Task to complete >> Each line from the one containing "Kilby Block Party" to the end of the entries below is to be set down exactly; the pictures are not.
[[ Record set open ]]
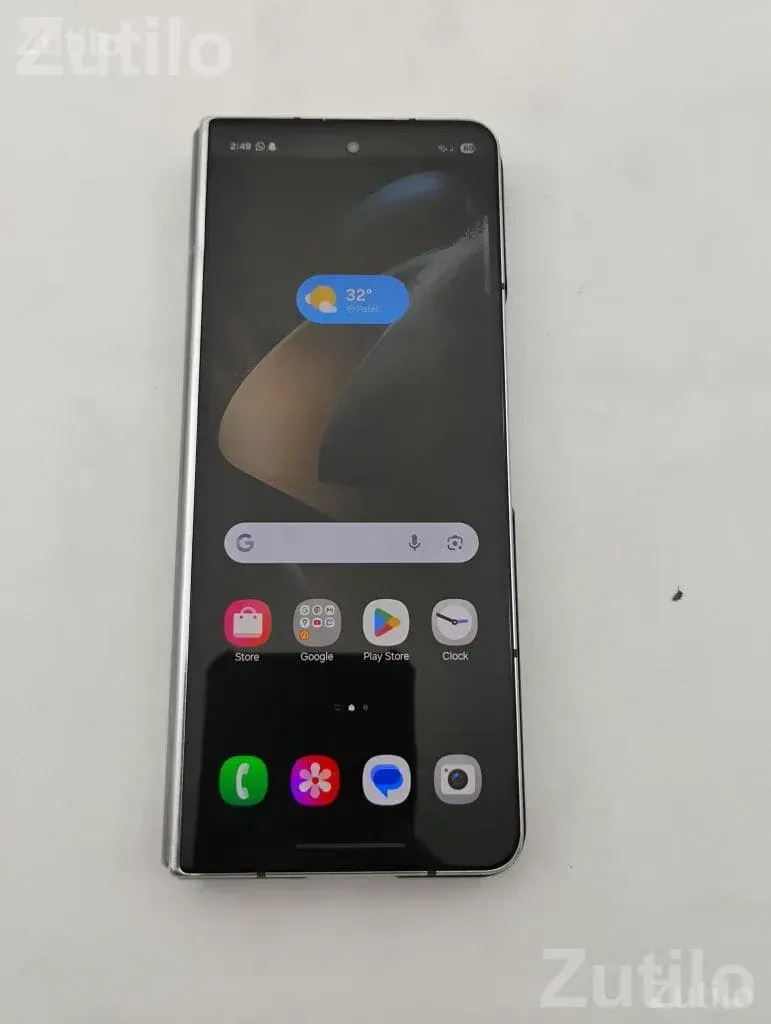 Samsung Galaxy Z Fold4 256GB Green - Mobile Phones - Rajkot City - Image 3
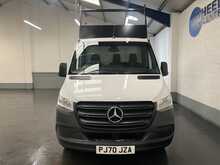 Mercedes-Benz Sprinter 315 CDI Progressive 2.0 2dr Automatic Tipper Diesel 2.0 2dr Tipper Manual Diesel - U2392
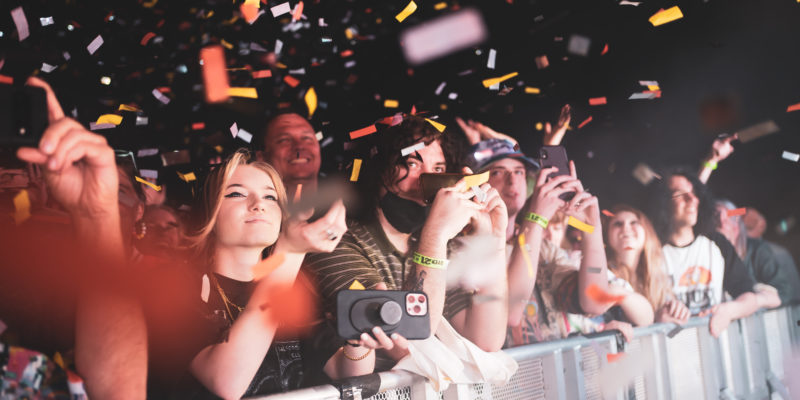 Kilby Block Party Gathers 10,000 Live Music Fans To Celebrate Music, Art & Community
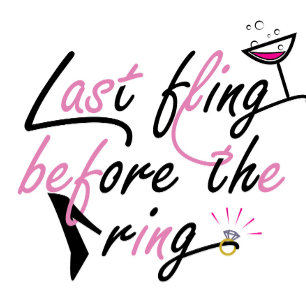 Invitation Dames nuit design glamour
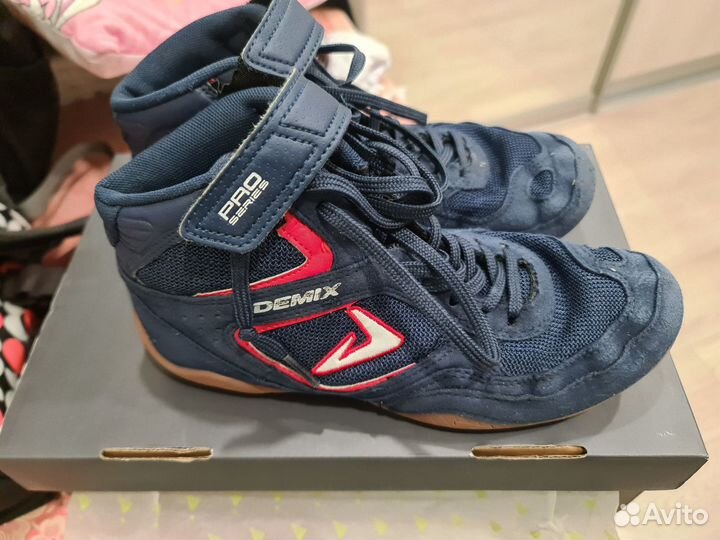 Борцовки для борьбы 36 размер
[[ Record set closed ]]
Your response >>
 Kilby Block Party Gathers 10,000 Live Music Fans To Celebrate Music, Art & Community
 Invitation Dames nuit design glamour
 Борцовки для борьбы 36 размер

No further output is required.